Listed records
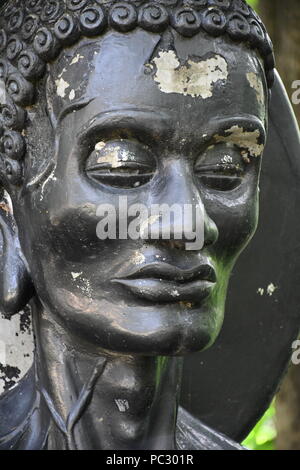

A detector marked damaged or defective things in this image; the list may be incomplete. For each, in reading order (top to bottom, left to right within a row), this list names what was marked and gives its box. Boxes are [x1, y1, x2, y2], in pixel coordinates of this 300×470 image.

peeling paint patch [151, 50, 226, 98]
white paint chip [152, 50, 227, 99]
peeling paint patch [247, 72, 264, 105]
peeling paint patch [214, 125, 264, 160]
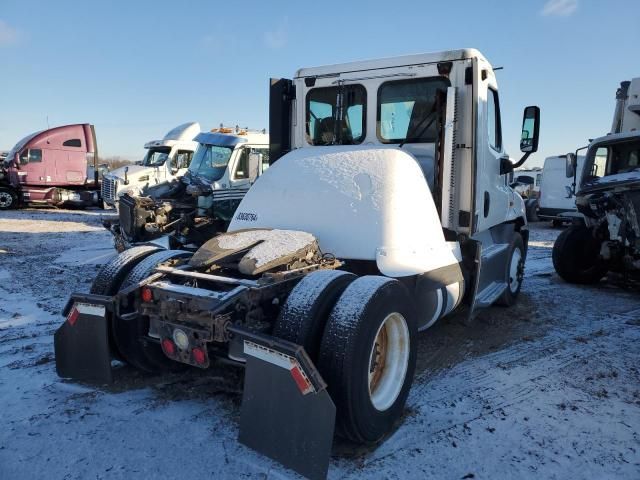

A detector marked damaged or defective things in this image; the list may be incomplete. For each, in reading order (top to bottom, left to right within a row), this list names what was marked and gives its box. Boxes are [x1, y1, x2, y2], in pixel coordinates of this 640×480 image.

damaged truck [106, 129, 268, 253]
wrecked vehicle [107, 129, 270, 253]
damaged truck [55, 49, 540, 480]
wrecked vehicle [55, 49, 540, 480]
damaged truck [552, 77, 640, 284]
wrecked vehicle [552, 77, 640, 284]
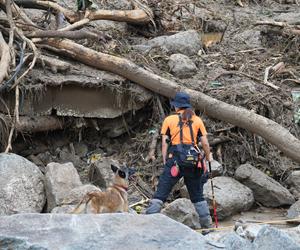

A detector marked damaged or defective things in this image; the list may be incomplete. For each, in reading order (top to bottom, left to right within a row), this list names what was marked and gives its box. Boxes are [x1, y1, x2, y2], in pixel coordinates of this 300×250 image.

broken branches [42, 38, 300, 163]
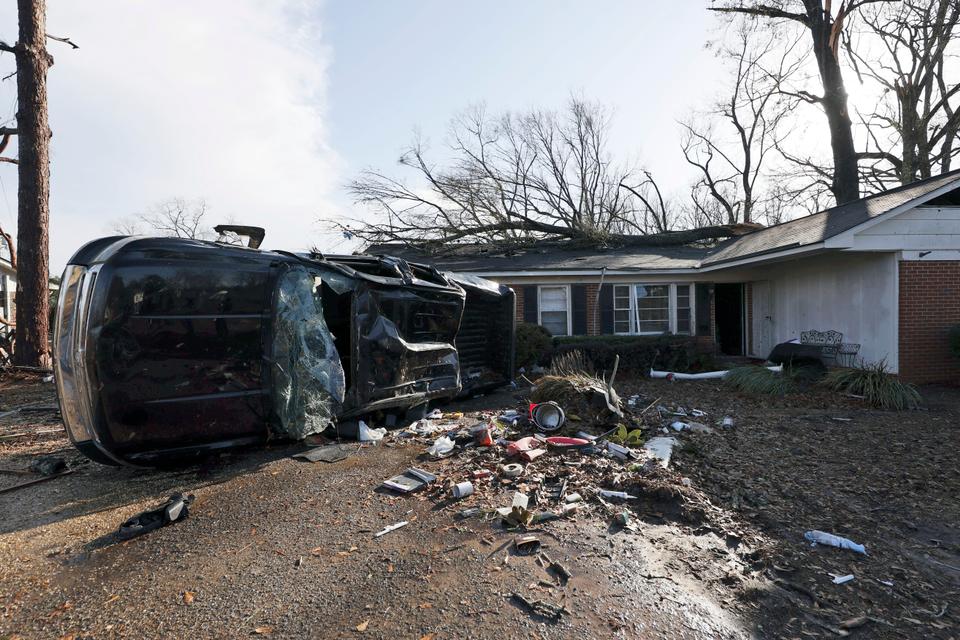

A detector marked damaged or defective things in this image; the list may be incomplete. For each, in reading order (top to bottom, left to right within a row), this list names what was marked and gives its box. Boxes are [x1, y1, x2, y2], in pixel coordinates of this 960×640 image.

Task objective
Give again, exactly, each line from the one that contains "this 300×250 image." through the last line of the material above. Pictures do not belong in the copy.

Response area
A detector marked damaged or defective things in this image; the list may be incomplete. For each, in reading order (top to bottom, left to right within a row), this list names what was marked and gives its box. Boxes are [x1, y1, x2, y2], in pixel coordinates of this 300×250 image.

broken branches [42, 38, 300, 163]

A detector marked damaged or defective things in this image; the list may be incomplete. For each, in reading order (top to bottom, left to right within a row), this list names what was marked and gives its box. Boxes are [x1, y1, x2, y2], in pixel coordinates of this 960×640 image.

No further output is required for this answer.